Vício Frenético (2009), de Werner Herzog


Para o cidadão comum, aquele que paga impostos e compra meias para dormir no inverno, deparar-se com um filme qual este Vício Frenético (2009), de Werner Herzog, pode soar um exagero social —situações que lhe seriam distantes, mesmo que viesse a ter com elas nalgum momento de sua vida. A imoralidade, então, não se apresenta apenas como uma ideia de vitimização social, mas sim feito condição sine qua non do caos que a sociedade costuma chamar de progresso.

Nas sequências de Vício Frenético, o policial Terence McDonagh (Nicolas Cage) tem uma visão estreita e criativa do que é necessário para si e para os outros. Parafraseando o velho jargão maquiavélico, os fins são sustentados pelos meios e, por isso, a violência, o uso de substâncias ilegais e o desrespeito com as leis têm muito mais a ver com o cotidiano que lhe permite ir além do que com o julgamento moral do que é certo ou errado. Herzog joga na cara do espectador as mentiras pregadas por essa ideia de que tudo parte de uma dualidade natural.

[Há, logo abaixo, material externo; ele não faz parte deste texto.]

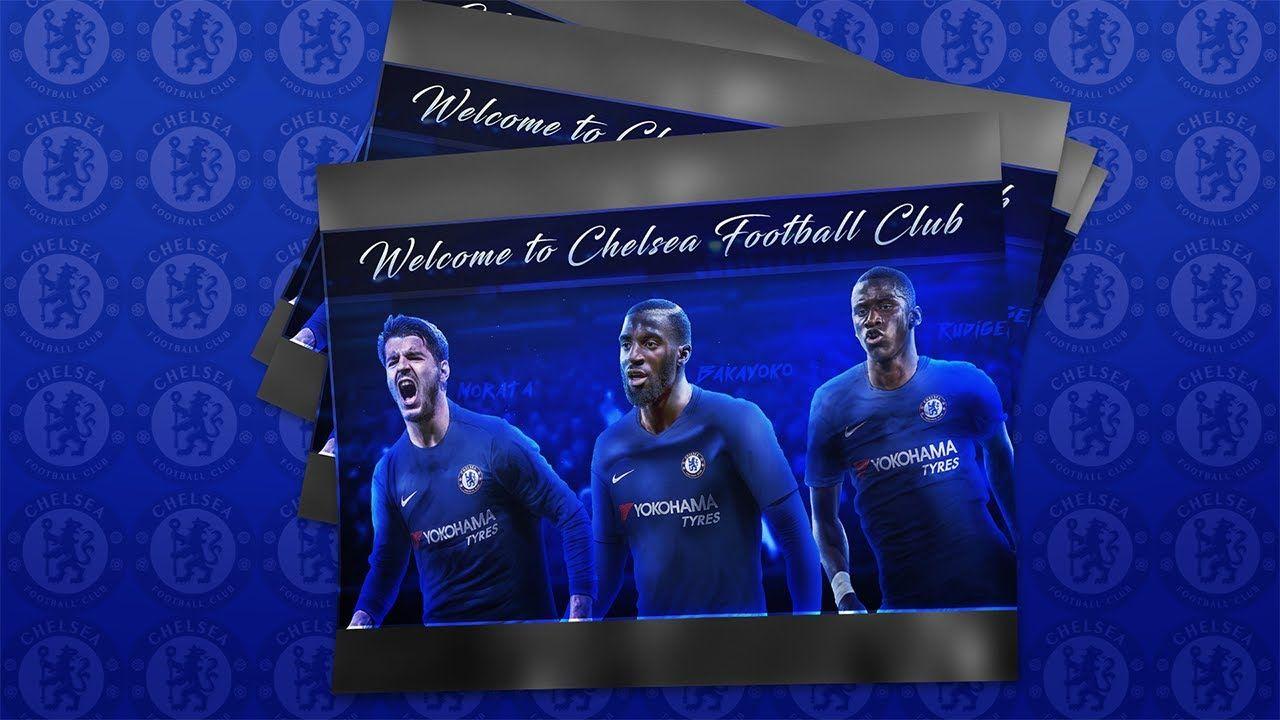 Chelsea 17 18 Wallpaper, Rudiger, Bakayoko CC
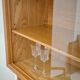 High sideboard, wooden display cabinet by Frantisek Jirak – 1960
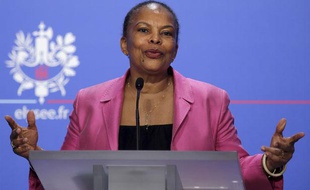 La ministre de la Justice, Christiane Taubira, le 7 novembre 2012, à Paris.
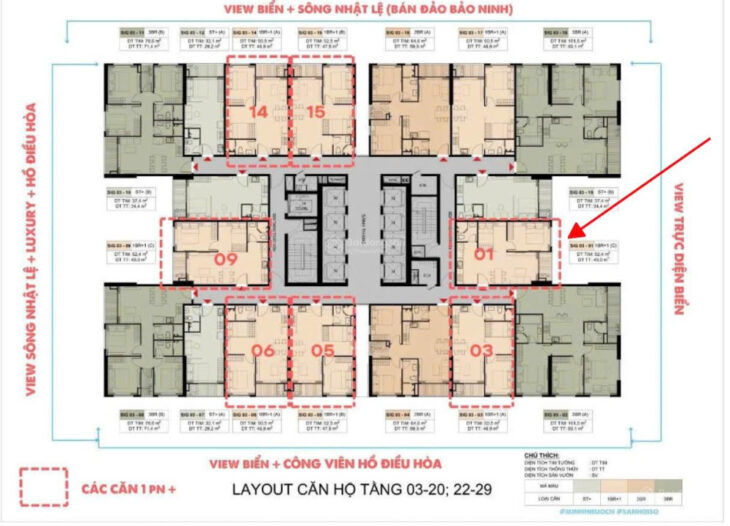 Hàng hiếm! Duy nhất Căn hộ 1PN+1 Regal Signature trực diện Biển Bảo Ninh – Sở hữu lâu dài
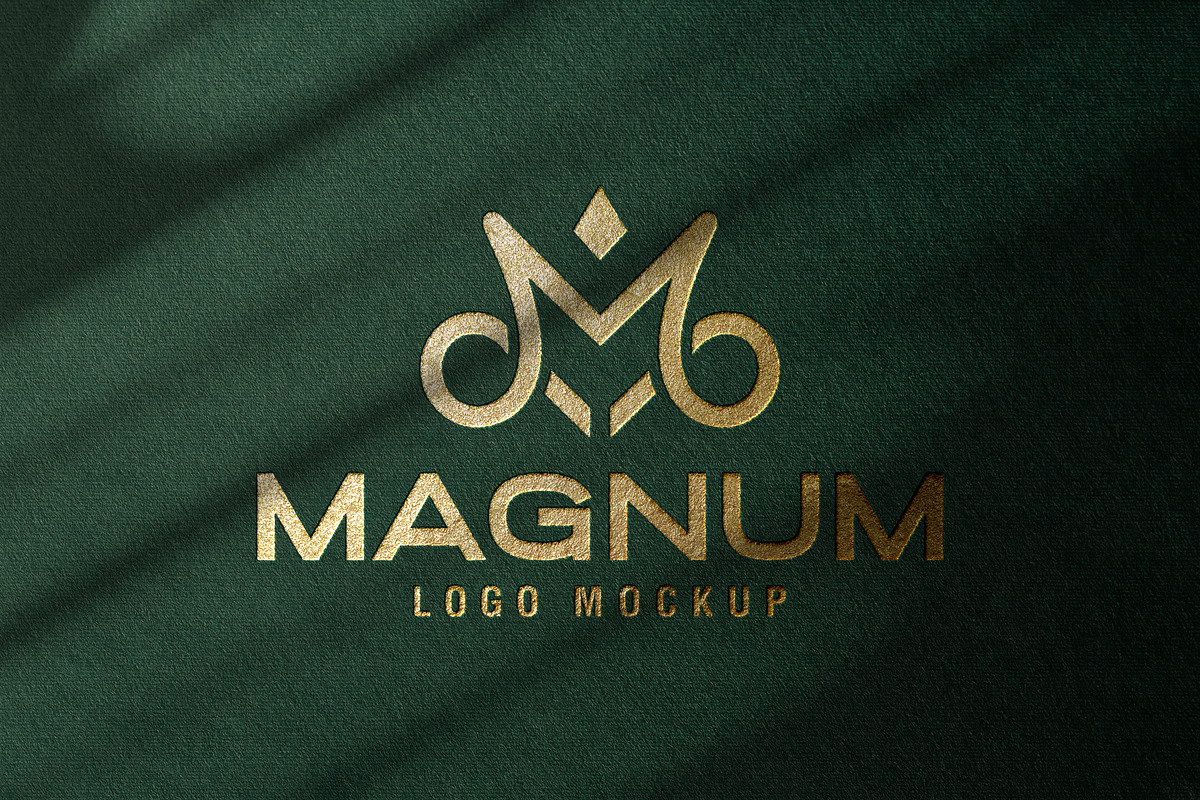 Gold Foil Logo Mockup Green Paper, a Product Mockup by Smart Works (Photo 2 of 3)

Difícil não lembrar de outra joia rara dos filmes que exageram a realidade, mas que partem de uma sinceridade intrínseca que poucos documentários alcançam: Taxi Driver (1976), de Martin Scorsese. Enquanto o motorista de táxi Travis Bickle (Robert De Niro) se transforma e avilta a sociedade com seus distúrbios cosmopolitas elencados por um talentoso e distante Scorsese, o policial sintetizado por Herzog já inicia a película aviltado pela fragilidade daquela mesma sociedade. Os medos de Travis e Terence são muito mais pessoais do que alheios. Num mundo obsceno, os problemas de terceiros não explicam suas insônias; nem o policial e tampouco o taxista querem mais do que já têm. Os insucessos particulares limitam o convívio de ambos, seja no duro cotidiano profissional, seja em conturbados relacionamentos íntimos.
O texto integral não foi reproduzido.